EXERCISE → Write the following entries out again exactly, skipping each image.

====== RECORDS ======

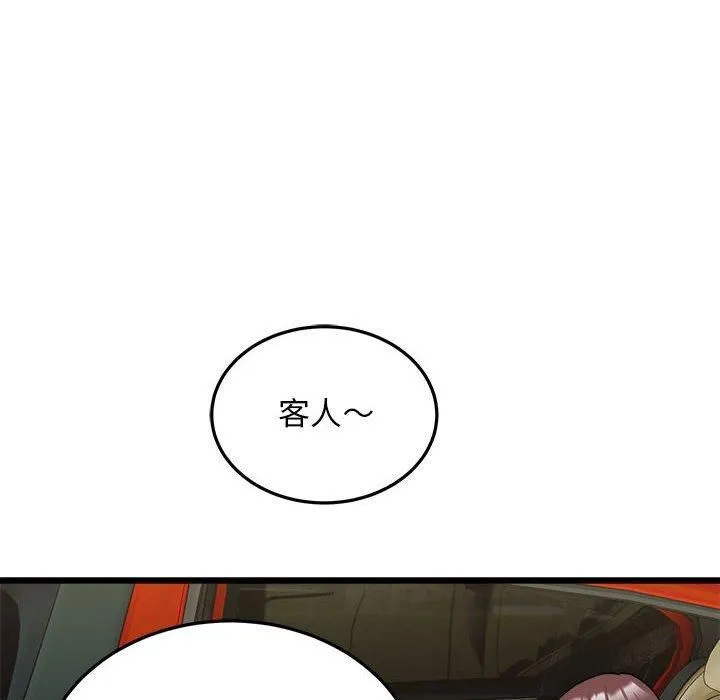 好运出租车-第36話 - 图片 41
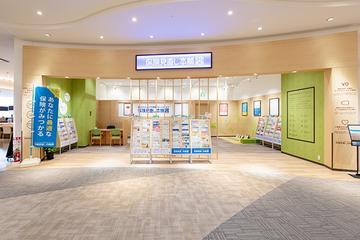 保険見直し本舗　イオンモール出雲店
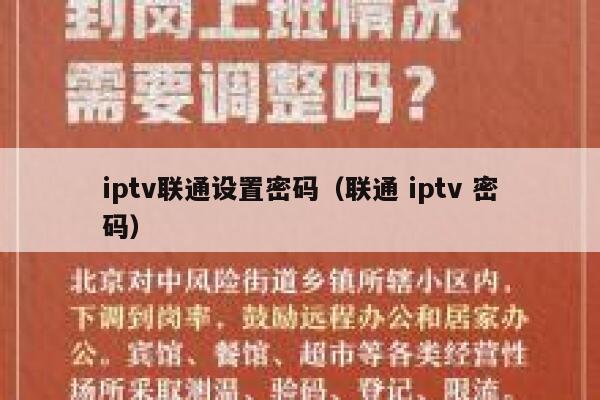 iptv联通设置密码(联通 iptv 密码) 第1张 iptv联通设置密码(联通 iptv 密码) 第1张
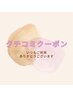【口コミ頂ける次回予約のお客様】いつもご利用ありがとうございます。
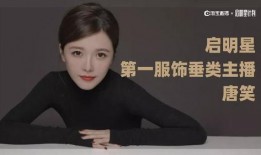 陈柳洁直播最新爆料,独家爆料背后的惊人真相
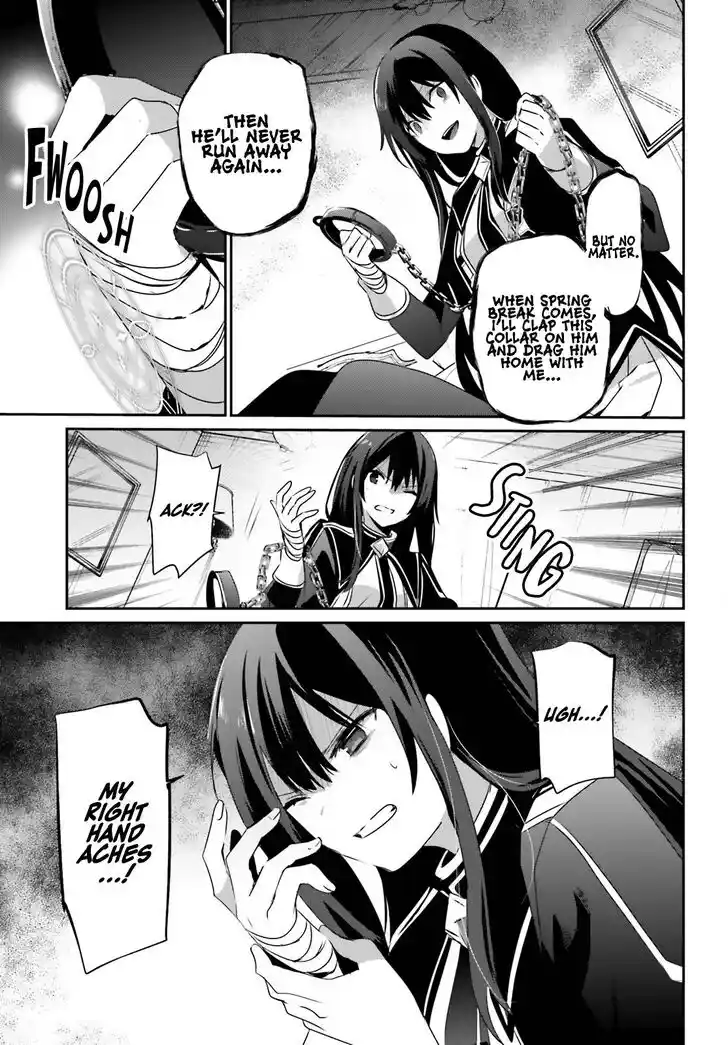 Kage no Jitsuryokusha ni Naritakute Ch.055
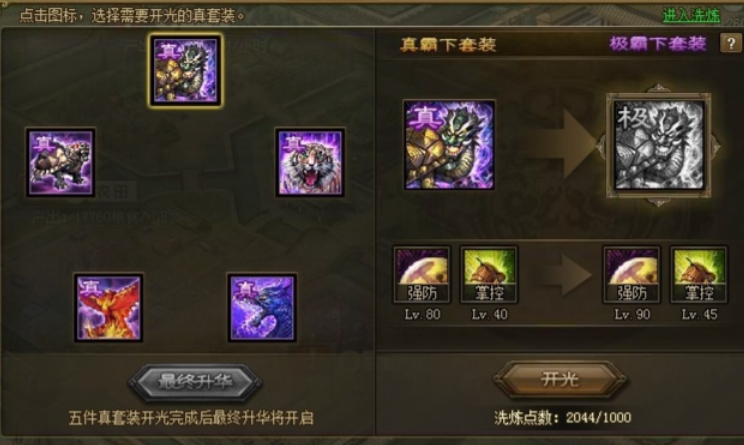 攻城掠地90级套装推荐什么 攻城掠地90级套装推荐什么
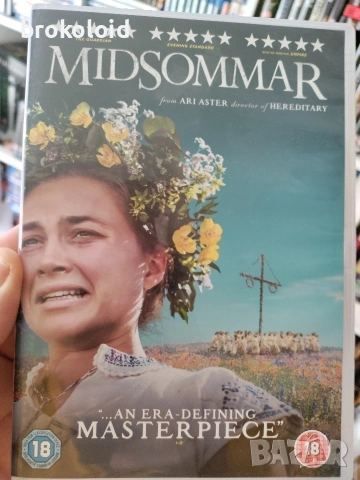 Midsommar, Hereditary, Get Out - DVD лот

======

SOLVED EXERCISE →
 好运出租车-第36話 - 图片 41
 保険見直し本舗　イオンモール出雲店
 iptv联通设置密码(联通 iptv 密码) 第1张 iptv联通设置密码(联通 iptv 密码) 第1张
【口コミ頂ける次回予約のお客様】いつもご利用ありがとうございます。
 陈柳洁直播最新爆料,独家爆料背后的惊人真相
 Kage no Jitsuryokusha ni Naritakute Ch.055
 攻城掠地90级套装推荐什么 攻城掠地90级套装推荐什么
 Midsommar, Hereditary, Get Out - DVD лот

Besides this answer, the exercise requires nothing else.